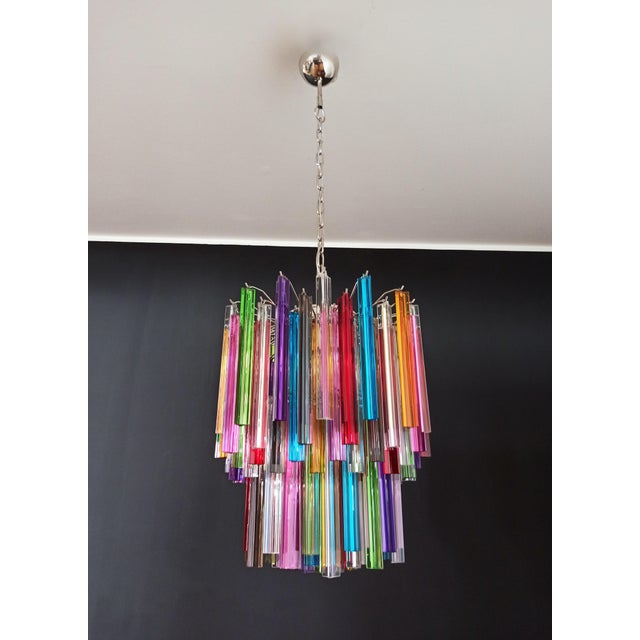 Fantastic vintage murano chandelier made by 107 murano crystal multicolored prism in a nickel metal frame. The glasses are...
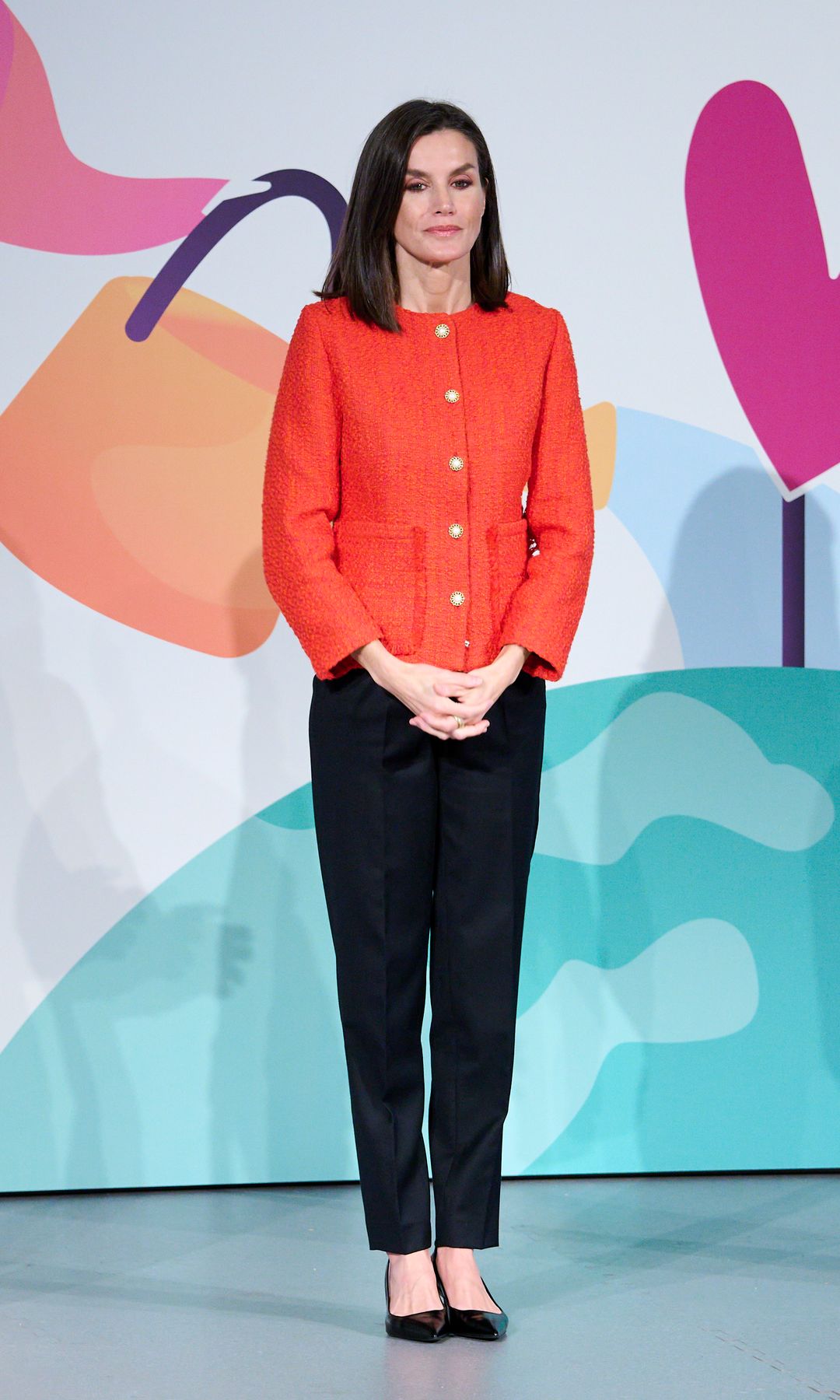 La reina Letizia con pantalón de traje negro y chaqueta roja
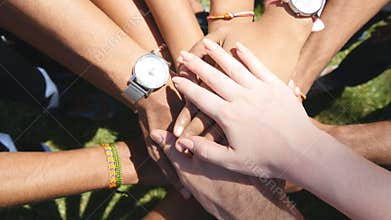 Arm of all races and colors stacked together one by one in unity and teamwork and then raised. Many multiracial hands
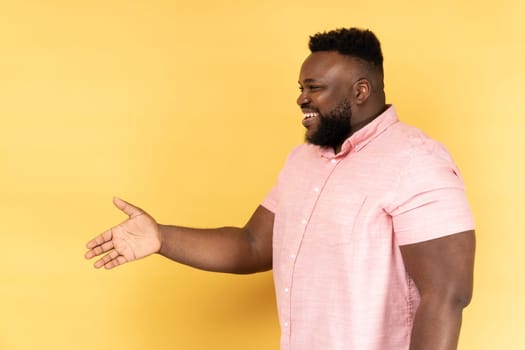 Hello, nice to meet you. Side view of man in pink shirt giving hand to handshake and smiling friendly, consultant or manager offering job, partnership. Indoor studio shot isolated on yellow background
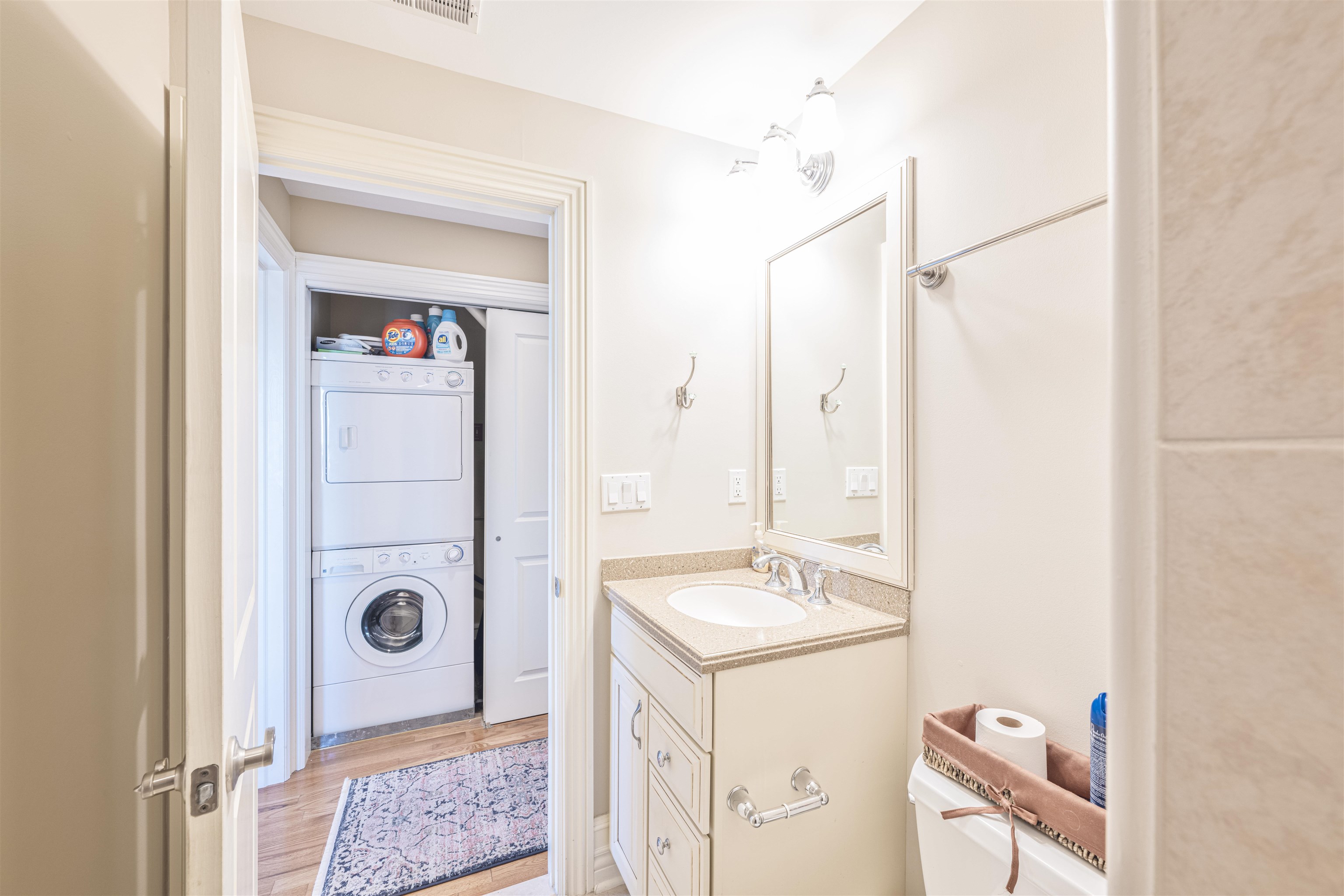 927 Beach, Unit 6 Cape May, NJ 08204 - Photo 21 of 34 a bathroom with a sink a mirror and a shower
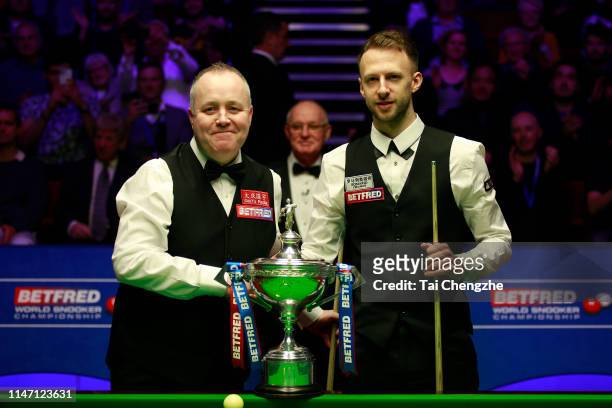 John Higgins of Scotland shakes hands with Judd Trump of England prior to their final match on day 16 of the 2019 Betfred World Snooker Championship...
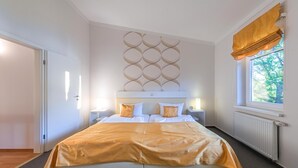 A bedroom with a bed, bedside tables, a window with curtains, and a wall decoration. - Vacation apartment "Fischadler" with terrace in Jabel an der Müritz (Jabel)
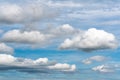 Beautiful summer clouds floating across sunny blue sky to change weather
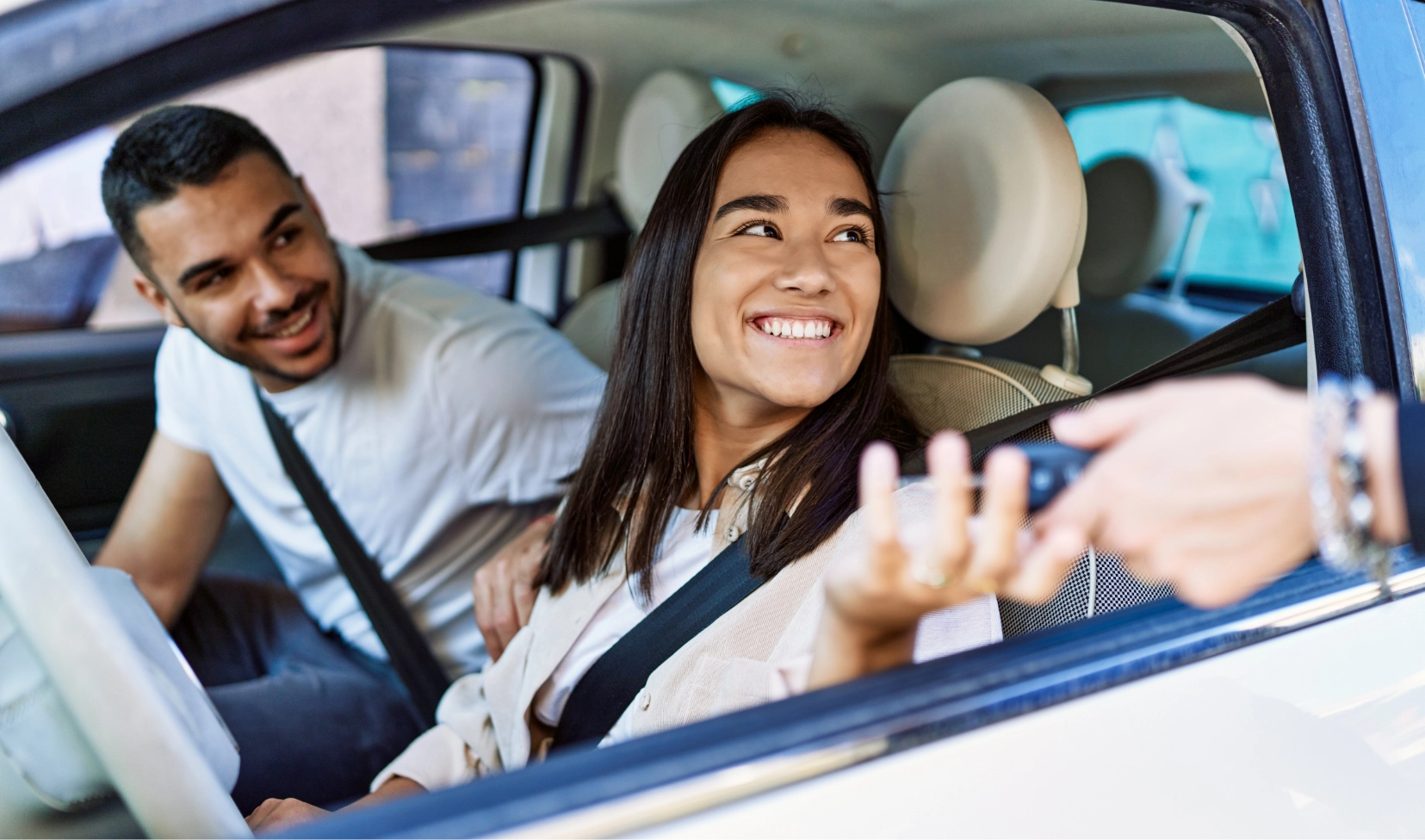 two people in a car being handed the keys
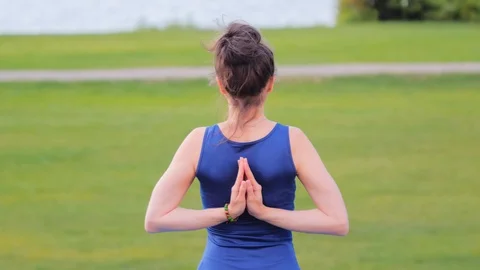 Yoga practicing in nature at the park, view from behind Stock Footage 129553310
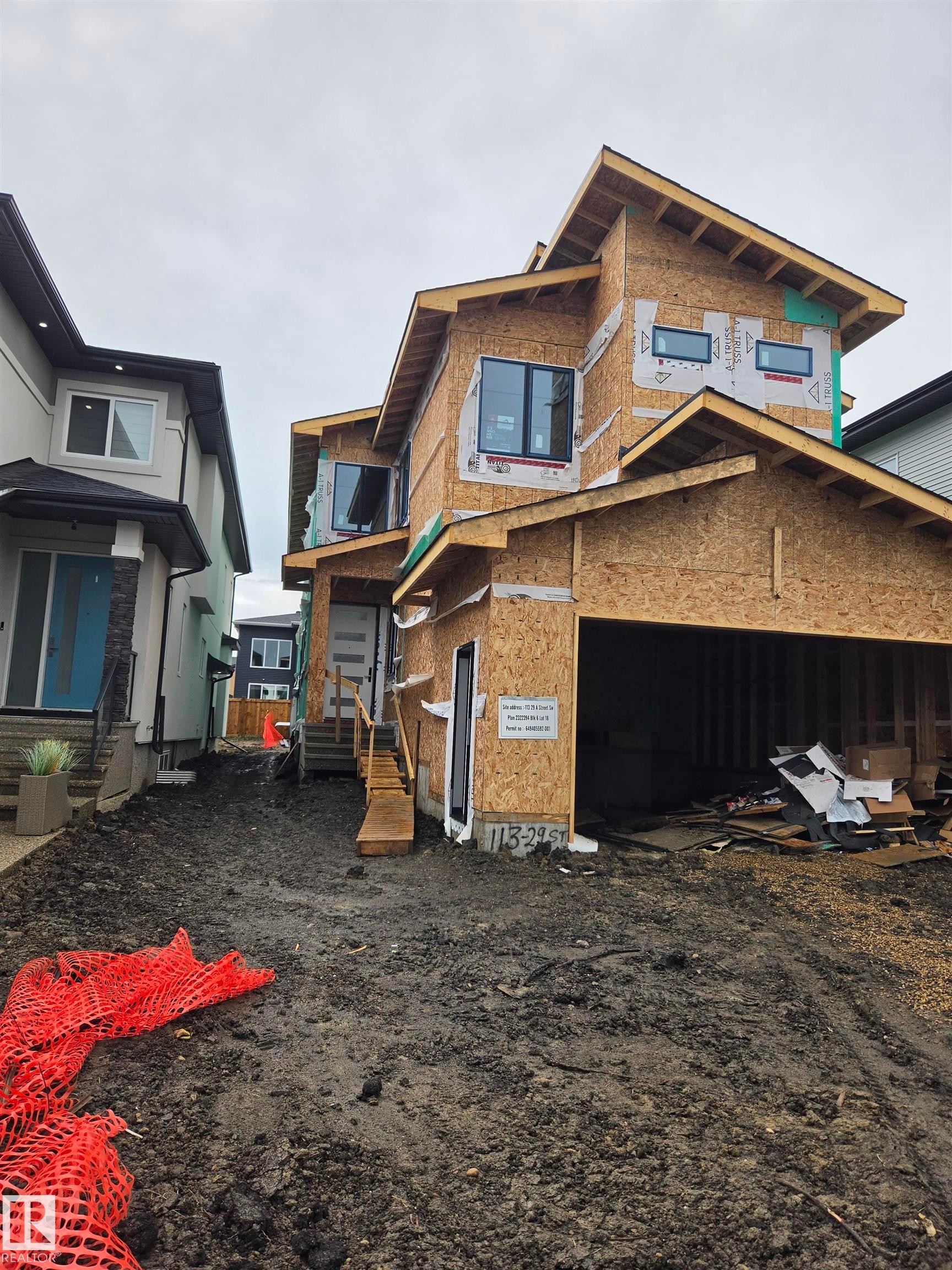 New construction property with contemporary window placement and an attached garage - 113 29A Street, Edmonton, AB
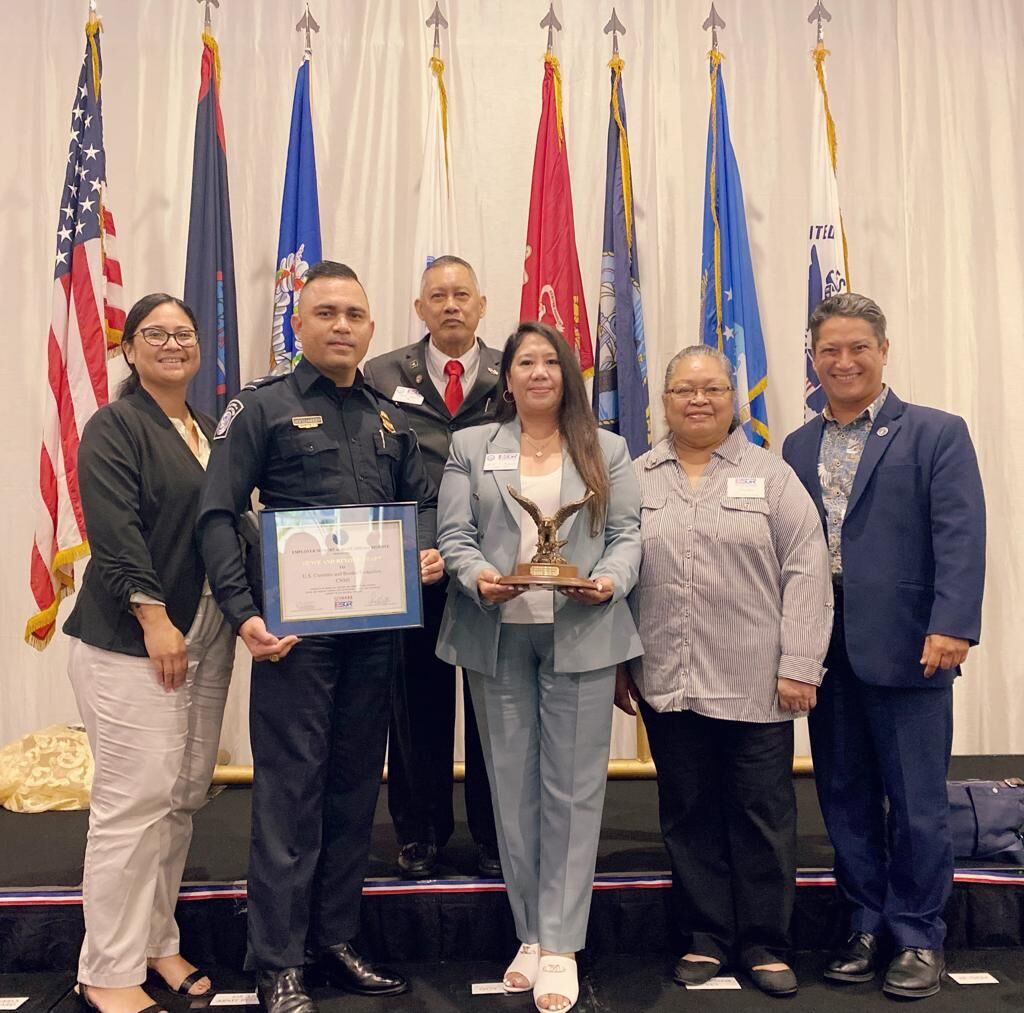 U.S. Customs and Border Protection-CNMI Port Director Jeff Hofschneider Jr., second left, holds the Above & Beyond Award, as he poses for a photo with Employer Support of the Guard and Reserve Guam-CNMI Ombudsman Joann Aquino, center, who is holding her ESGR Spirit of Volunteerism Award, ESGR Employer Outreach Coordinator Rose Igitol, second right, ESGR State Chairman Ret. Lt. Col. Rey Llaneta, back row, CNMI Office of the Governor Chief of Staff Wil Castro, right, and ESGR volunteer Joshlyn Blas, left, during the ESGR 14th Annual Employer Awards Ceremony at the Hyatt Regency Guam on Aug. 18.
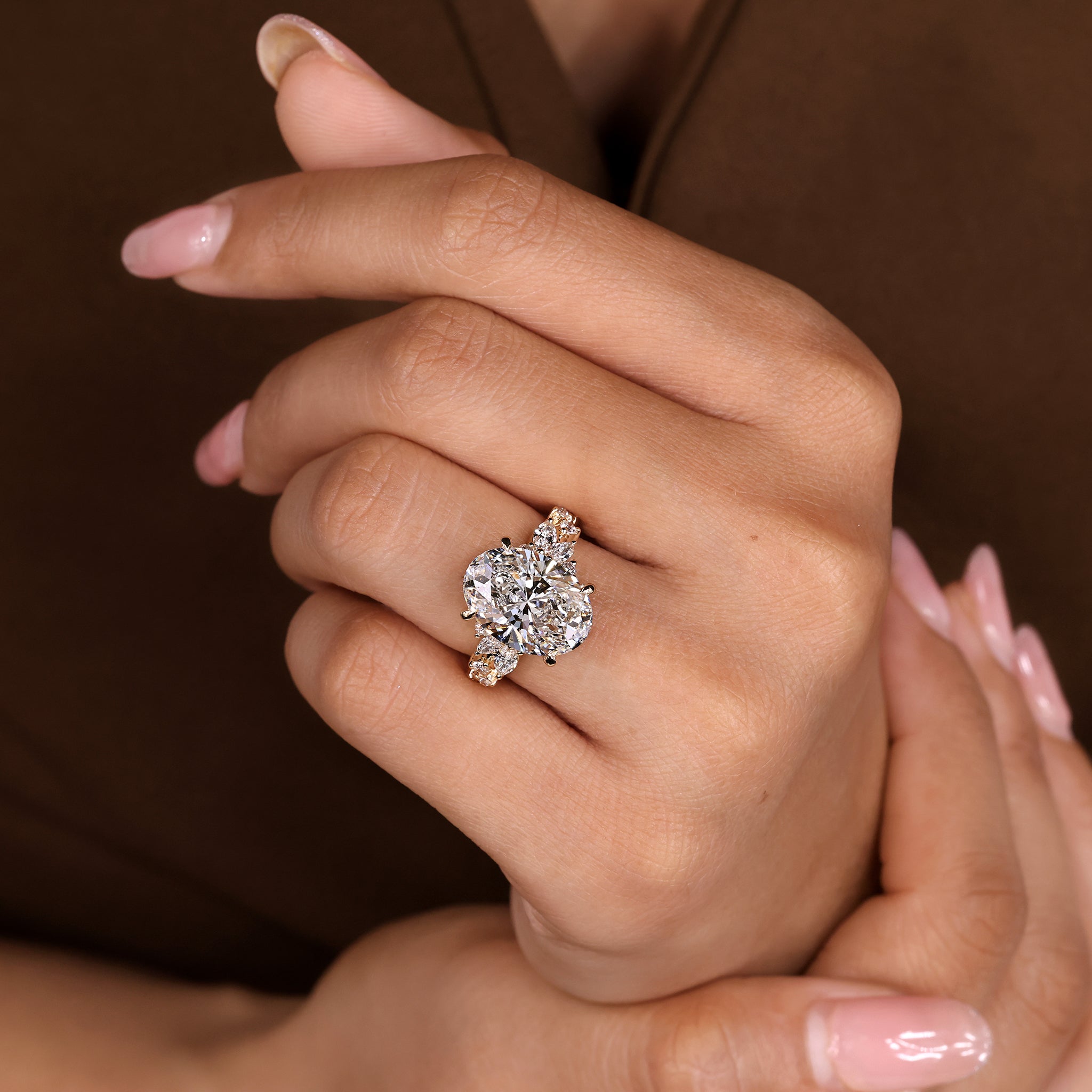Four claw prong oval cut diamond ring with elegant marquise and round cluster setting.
▬▬▬▬▬▬
WORK TO BE COMPLETED:
Write out every entry above exactly as it stands, minus the pictures.

EXPECTED OUTPUT:
 Fantastic vintage murano chandelier made by 107 murano crystal multicolored prism in a nickel metal frame. The glasses are...
 La reina Letizia con pantalón de traje negro y chaqueta roja
 Arm of all races and colors stacked together one by one in unity and teamwork and then raised. Many multiracial hands
 Hello, nice to meet you. Side view of man in pink shirt giving hand to handshake and smiling friendly, consultant or manager offering job, partnership. Indoor studio shot isolated on yellow background
 927 Beach, Unit 6 Cape May, NJ 08204 - Photo 21 of 34 a bathroom with a sink a mirror and a shower
 John Higgins of Scotland shakes hands with Judd Trump of England prior to their final match on day 16 of the 2019 Betfred World Snooker Championship...
 A bedroom with a bed, bedside tables, a window with curtains, and a wall decoration. - Vacation apartment "Fischadler" with terrace in Jabel an der Müritz (Jabel)
 Beautiful summer clouds floating across sunny blue sky to change weather
 two people in a car being handed the keys
 Yoga practicing in nature at the park, view from behind Stock Footage 129553310
 New construction property with contemporary window placement and an attached garage - 113 29A Street, Edmonton, AB
 U.S. Customs and Border Protection-CNMI Port Director Jeff Hofschneider Jr., second left, holds the Above & Beyond Award, as he poses for a photo with Employer Support of the Guard and Reserve Guam-CNMI Ombudsman Joann Aquino, center, who is holding her ESGR Spirit of Volunteerism Award, ESGR Employer Outreach Coordinator Rose Igitol, second right, ESGR State Chairman Ret. Lt. Col. Rey Llaneta, back row, CNMI Office of the Governor Chief of Staff Wil Castro, right, and ESGR volunteer Joshlyn Blas, left, during the ESGR 14th Annual Employer Awards Ceremony at the Hyatt Regency Guam on Aug. 18.
Four claw prong oval cut diamond ring with elegant marquise and round cluster setting.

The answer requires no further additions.